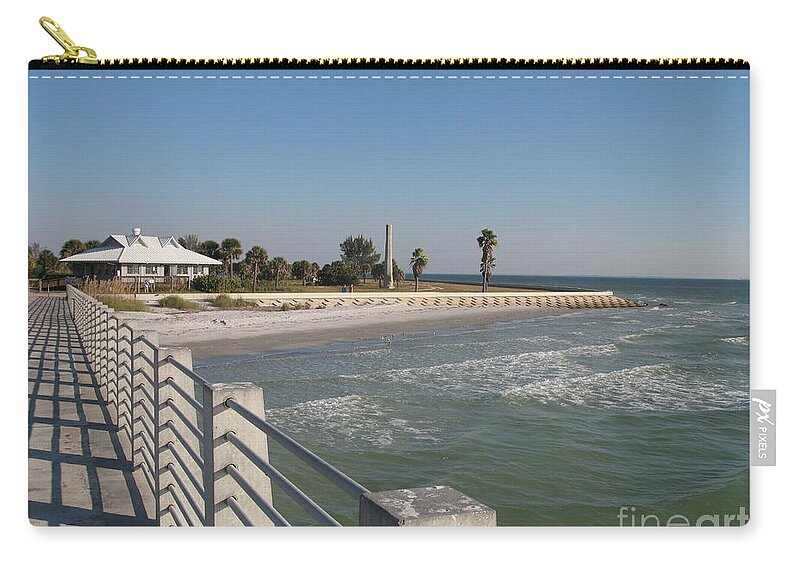 Pier Zip Pouch featuring the photograph Shadow on the Pier by Christiane Schulze Art And Photography
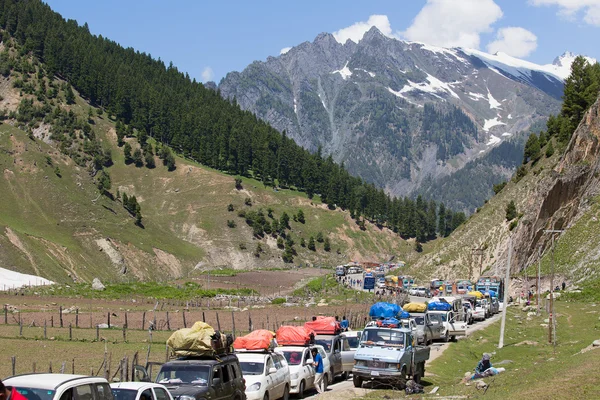 Cars with passengers stuck at the pass on the way Srinagar - Leh, Himalayas. India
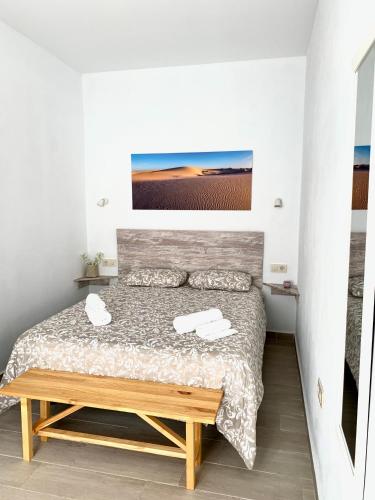 Un dormitorio con una cama y una mesa de madera. en Apartamento Andalucia, en Tarifa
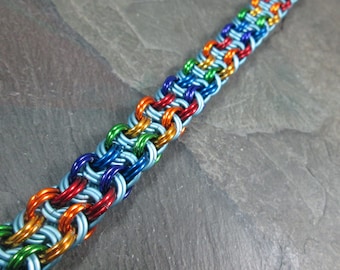 May include: A rainbow colored chainmail bracelet made of metal rings. The bracelet is made with alternating colors of silver, red, orange, yellow, green, blue, and purple.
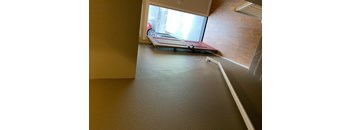 A room with a grey carpet and a red couch.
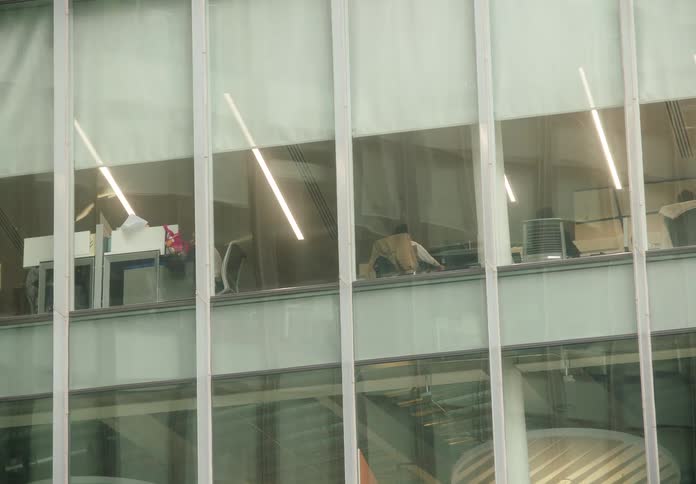 A slow zoom into the windows of a modern office building reveals employees working at their desks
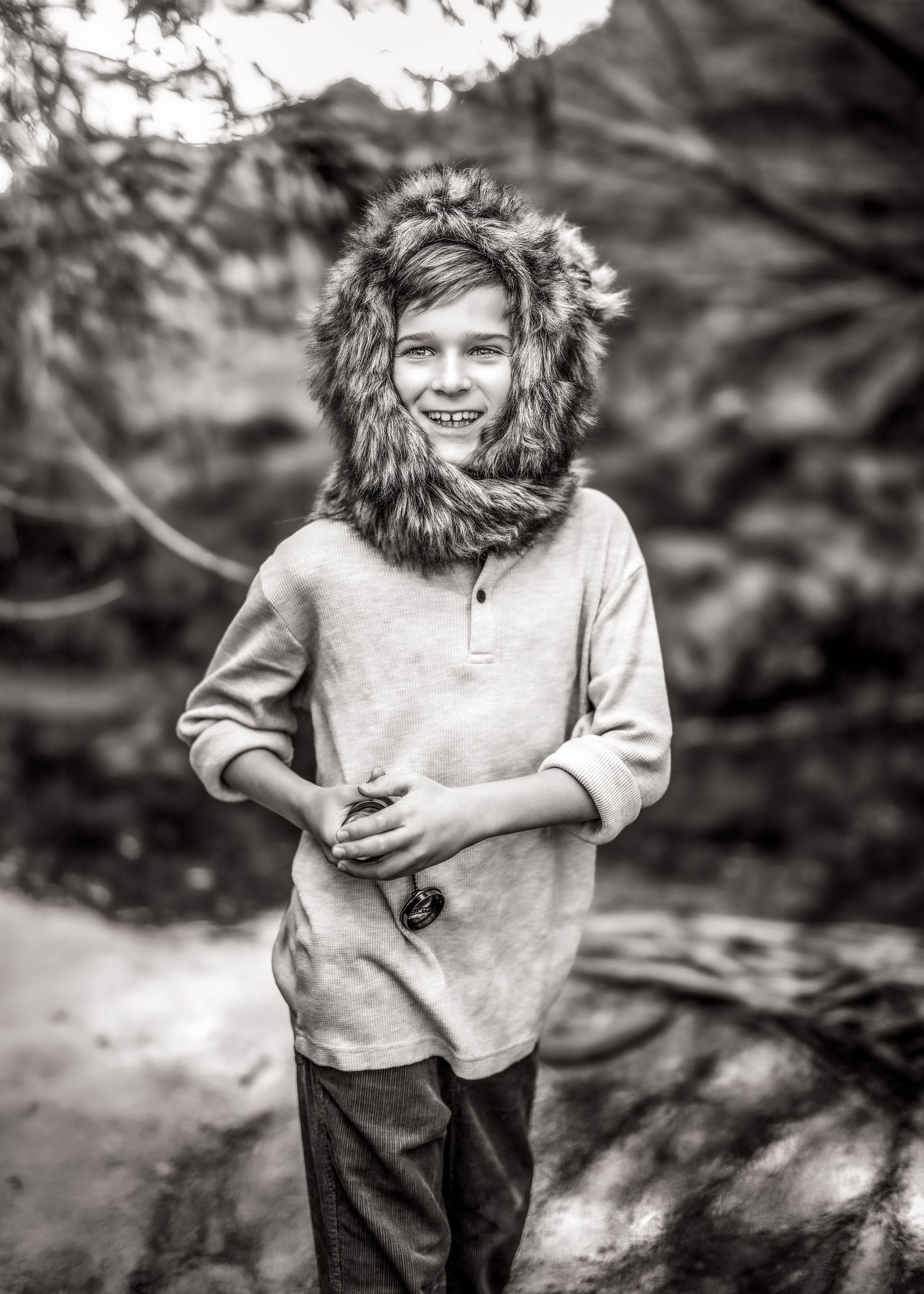 A smiling boy in a furry hooded hat poses outdoors in a black and white portrait with trees behind him.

::::

Activity
Begin at the first line of the material and copy each line exactly through the one containing "May include: A". Omit pictures.

Solution to this problem
 Pier Zip Pouch featuring the photograph Shadow on the Pier by Christiane Schulze Art And Photography
 Cars with passengers stuck at the pass on the way Srinagar - Leh, Himalayas. India
 Un dormitorio con una cama y una mesa de madera. en Apartamento Andalucia, en Tarifa
 May include: A rainbow colored chainmail bracelet made of metal rings. The bracelet is made with alternating colors of silver, red, orange, yellow, green, blue, and purple.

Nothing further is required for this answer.